◆ WHAT THE TASK ASKS
Keep each entry exactly as written when you repeat it, and skip the images.

◆ DATASET RECORDS
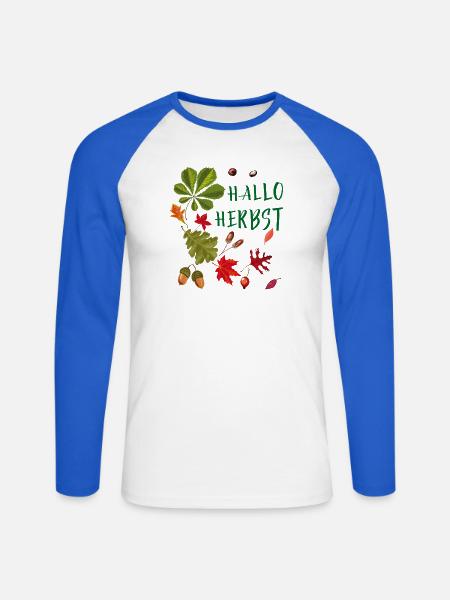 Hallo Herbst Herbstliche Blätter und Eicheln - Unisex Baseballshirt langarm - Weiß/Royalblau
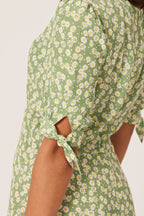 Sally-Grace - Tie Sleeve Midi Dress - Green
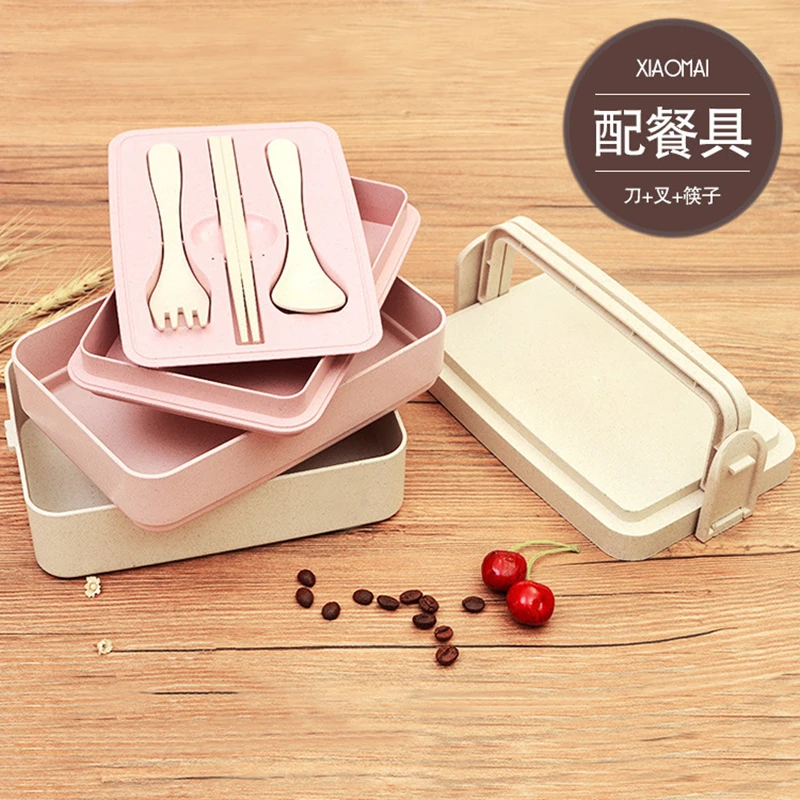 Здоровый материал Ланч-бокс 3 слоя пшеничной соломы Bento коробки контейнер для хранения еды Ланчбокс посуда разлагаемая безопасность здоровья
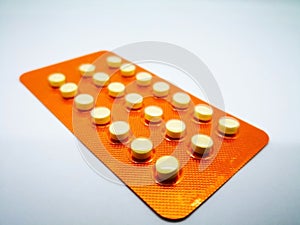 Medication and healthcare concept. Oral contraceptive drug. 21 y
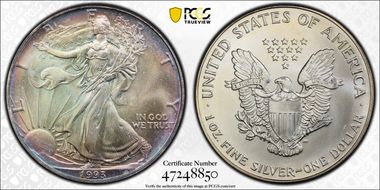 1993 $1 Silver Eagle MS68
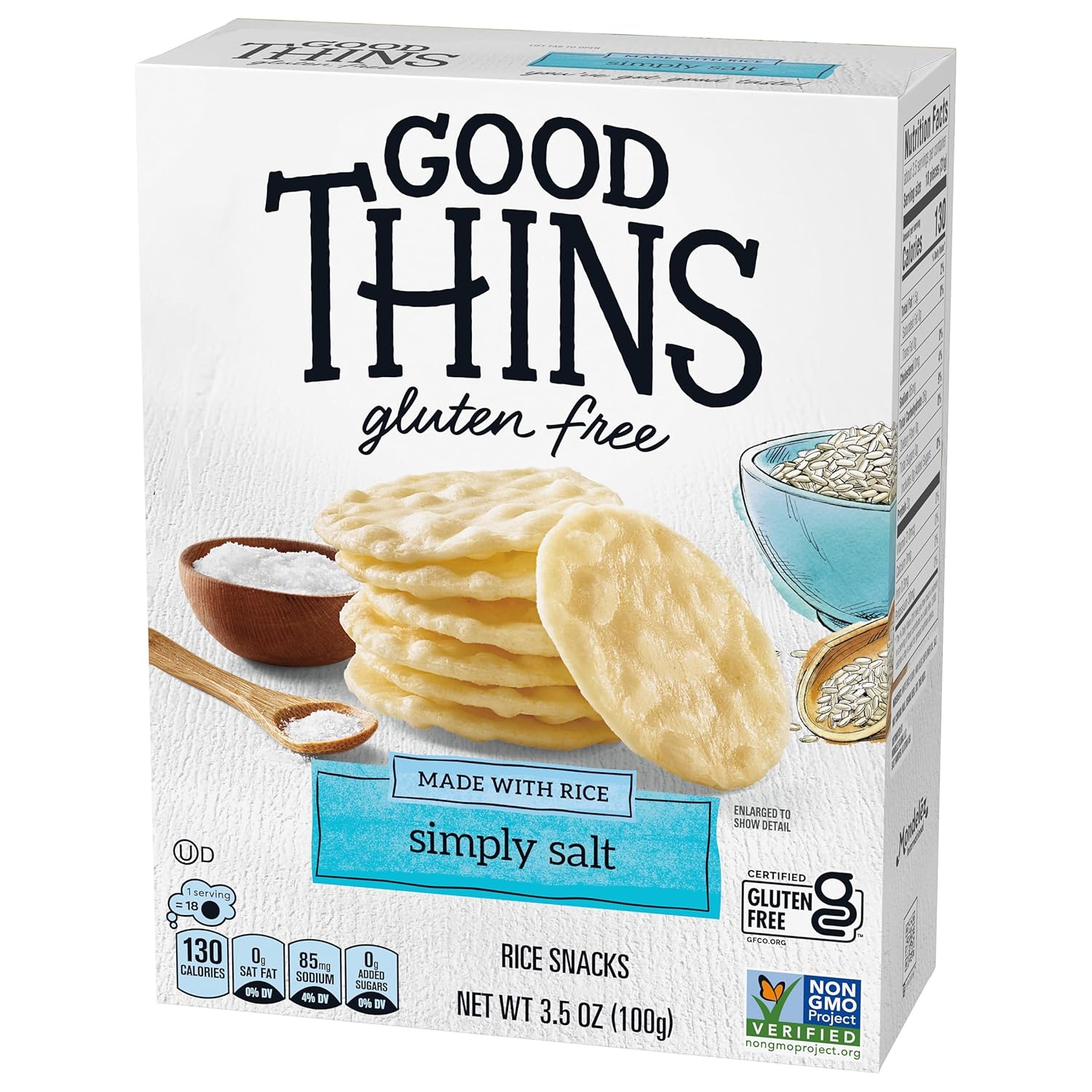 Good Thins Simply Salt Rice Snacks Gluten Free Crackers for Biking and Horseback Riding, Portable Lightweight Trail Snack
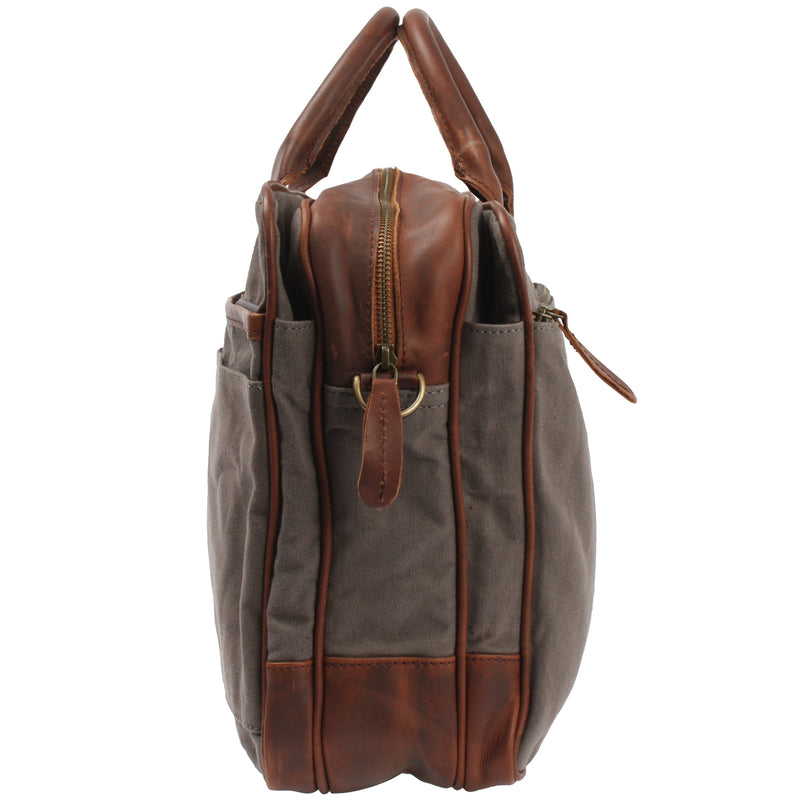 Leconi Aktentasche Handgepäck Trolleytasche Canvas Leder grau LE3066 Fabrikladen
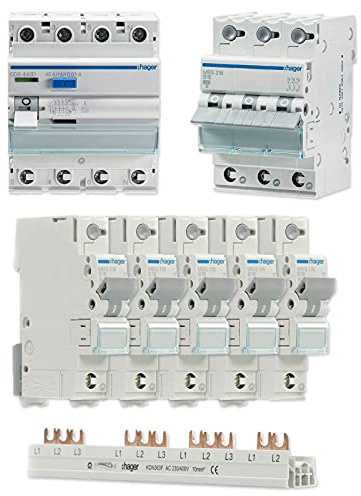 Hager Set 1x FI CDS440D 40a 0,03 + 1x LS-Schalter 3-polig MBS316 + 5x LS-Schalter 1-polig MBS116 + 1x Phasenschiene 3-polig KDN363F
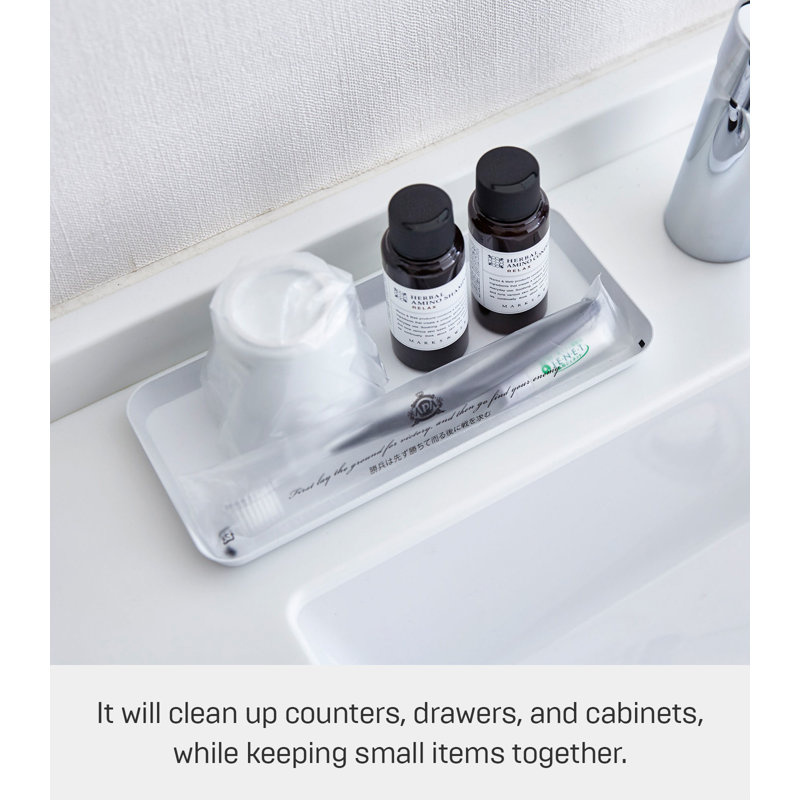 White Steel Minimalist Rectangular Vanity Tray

◆ RESULT OF THE TASK
 Hallo Herbst Herbstliche Blätter und Eicheln - Unisex Baseballshirt langarm - Weiß/Royalblau
 Sally-Grace - Tie Sleeve Midi Dress - Green
 Здоровый материал Ланч-бокс 3 слоя пшеничной соломы Bento коробки контейнер для хранения еды Ланчбокс посуда разлагаемая безопасность здоровья
 Medication and healthcare concept. Oral contraceptive drug. 21 y
 1993 $1 Silver Eagle MS68
 Good Thins Simply Salt Rice Snacks Gluten Free Crackers for Biking and Horseback Riding, Portable Lightweight Trail Snack
 Leconi Aktentasche Handgepäck Trolleytasche Canvas Leder grau LE3066 Fabrikladen
 Hager Set 1x FI CDS440D 40a 0,03 + 1x LS-Schalter 3-polig MBS316 + 5x LS-Schalter 1-polig MBS116 + 1x Phasenschiene 3-polig KDN363F
 White Steel Minimalist Rectangular Vanity Tray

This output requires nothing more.